The Cedi recovered marginally against the dollar this week after the Bank of Ghana on Tuesday sold $60m into the market through its forward FX auction. The currency recovered to trade at 10.05 on Monday, in line with last week’s close. It had hit a low of 10.08 to the dollar.
All of Ghana’s Eurobonds fell on Wednesday, with the yield on some rising to all-time highs. The country’s $1.25b bond due in February 2027 closed on a yield of 35.04%, while the $750m bond due in March of the same year closed on a yield of 35.09%.
In Malawi, inflation has more than doubled since the beginning of the year, to its current level of 24.6%. The Southern African country is experiencing an FX shortage that has deepened its fuel. The crisis forced the Malawian central bank to devalue the Kwacha by as much as 25% in May.
Currently, Malawi is seeking IMF support to help with the fuel crisis, but the Fund reportedly postponed a planned visit this week to discuss a new loan, according to AZA.
“With the IMF delaying intervention, we see room for further FX depreciation as imports continue to dent already declining FX reserves,” AZA wrote. In Rwanda, Africa’s star reformer, prices have been rising at the fastest pace in more than a decade, hitting 15.9% in August, AZA noted.
National Bank of Rwanda’s Governor, John Rwangombwa expects annual inflation to peak at 16% this year, given the combined measures of rate hikes and a continued government subsidy on fuel and agricultural inputs, it further noted, adding that the Rwandan Franc could still see further depreciation due to the country’s continued exposure to global commodity prices. Rwanda’s major exports include coffee, tea, precious metals, and lead.
Experts have attributed the economic crises in Africa to the Russia-Ukraine war and other global issues.
Food Inflation taking meals away
When general inflationary pressure has been a big challenge to African consumers, a bigger challenge is coming from the rise in prices of food items, or food inflation.
Across the continent, prices of basic food items have maintained an upward trajectory, reducing people’s access to basic food items.

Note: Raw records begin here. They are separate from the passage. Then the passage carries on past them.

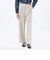 【MP STANDARD TROUSERS 001 WIDE FIT】WARM TWILL製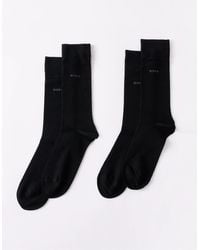 BOSS - Boss 2-Pack Bamboo Socks - Lyst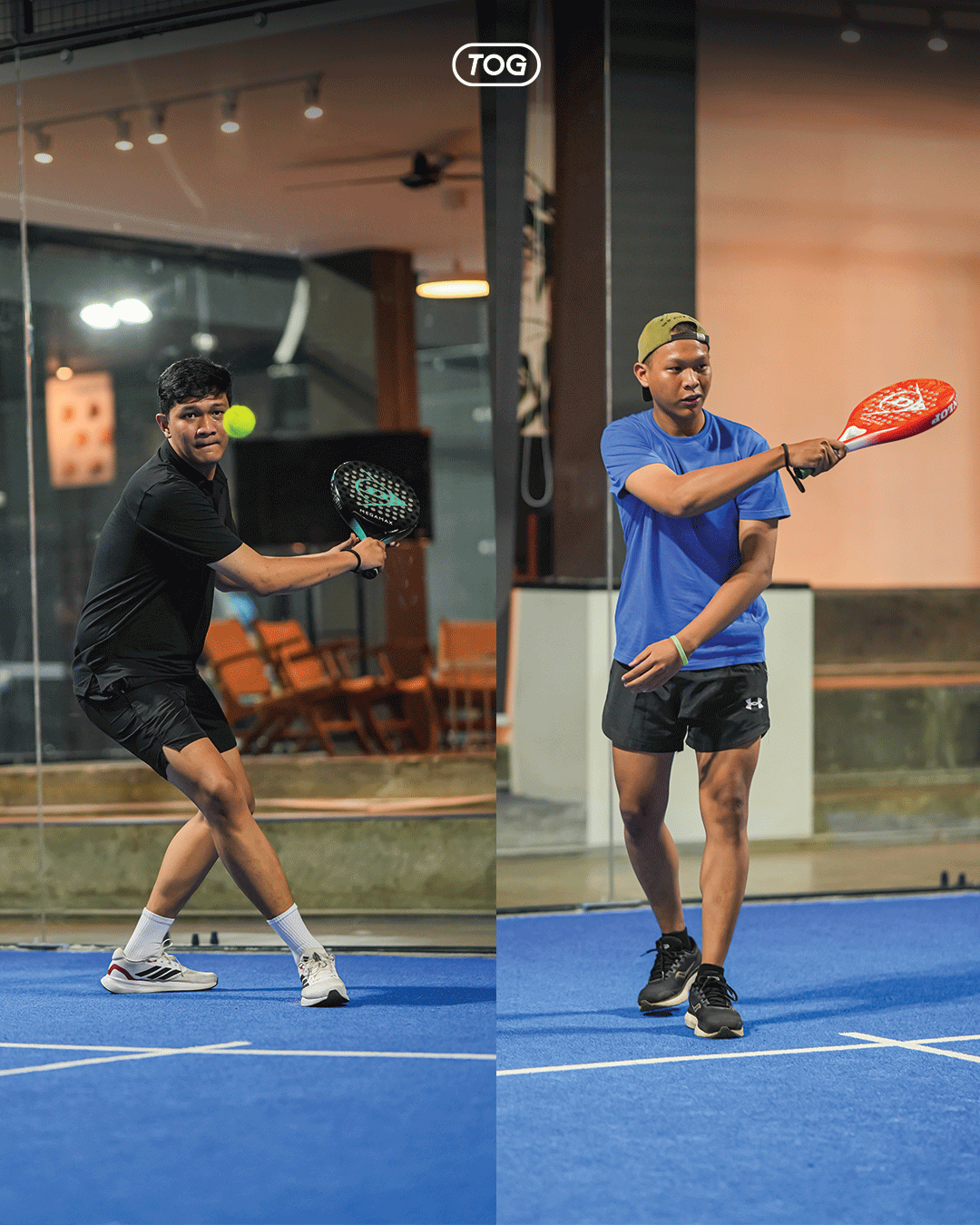 The OlahraGang Padel media 2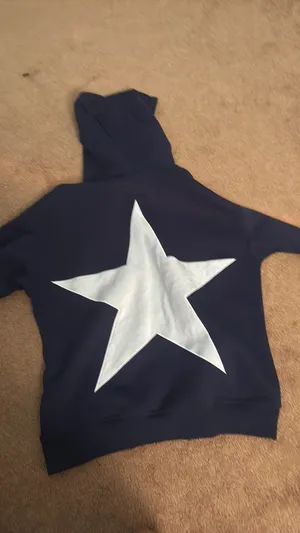 Aelfric Eden Hoodie Star Navy thumbnail 2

In both Ghana and Rwanda, for instance, the food inflation for the month of August 2022 jumped to 34.4%. In Rwanda, this was the highest since 2010. In Ghana, the statistical agency reported that bread recorded the highest price increase of 64% for the month.
In Malawi, food inflation for the country in the month of July this year jumped to 32.5%
In Kenya, food inflation for August was steady at 15.3%, where it was a year earlier.
Nigeria has been experiencing spikes in food inflation, which rose to 23.12% in August, up from 20.3% a year earlier. “The higher m/m increase in farm produce prices reflects the fading impact of the green harvest in the country’s Southern parts amidst a prolonged lean season in the Northern region,” Cordros said.
Nigeria’s inflation climbs to 20.52% in August
Nigeria’s Consumer Price index (CPI), has increased to 20.52 per cent, seven per cent short of the current record of 28.20 per cent recorded in 2005, the National Bureau of Statistics (NBS) has shown.
NBS in a report released yesterday said the headline inflation rate, which was 3.52 per cent points higher compared to the rate recorded in August 2021, also reduced when compared to July 2022 by 0.05 per cent.
It said the increases were caused by a rise in prices of bread and cereals, food products like potatoes, yam and other tubers, fish, meat, oil and fat.
It continued that the increase was also due to the “Disruption in the supply of food products, increase in import cost due to the persistent currency depreciation and the general increase in the cost of production.”
Gov’t needs to create complementary policies to boost food production – Experts
Economist and founder of Cowry Asset Management Ltd, Mr. Johnson Chukwu said that even though there is a reduction in food inflation globally, Nigeria is yet to get it right on ways to cool off the inflation.
He said the intervention of the Monetary Policy Committee (MPC) would not bring inflation figures down as the issue is structural and influenced mostly by the cost of importing petroleum products among others.
“I was expecting the inflation rate to go above 20 per cent. The MPC may not address the issue conclusively because it has to do with energy costs. We are still importing our diesel, and have a higher cost of fuel in some locations among others.
“Overall, globally, we may get some respite because global food inflation is coming down but on the internal factors, we have to address the issue of insecurity in the country so that people can go back to their farms and produce more food.”
He added that the situation would continue to affect the purchasing power of citizens; “Because the value of what you can buy today when compared to what can be bought in August last year has increased by 20 per cent. So, you can only afford 80 per cent of what you can afford before and that has a direct impact.”
On his part, the President of Capital Market Academics of Nigeria, Prof. Uche Uwaleke, said the increase is above the psychological threshold of 20% and did not come as a surprise in view of the rising inflation trend in many economies partly caused by the Russian-Ukrainian conflict.
“In the light of this revelation, what becomes clear is that the recent monetary policy tightening stance of the CBN alone may not address the challenge. The government needs to formulate and implement complementary fiscal policies aimed at boosting food supply as well as reducing firm’s cost of production.”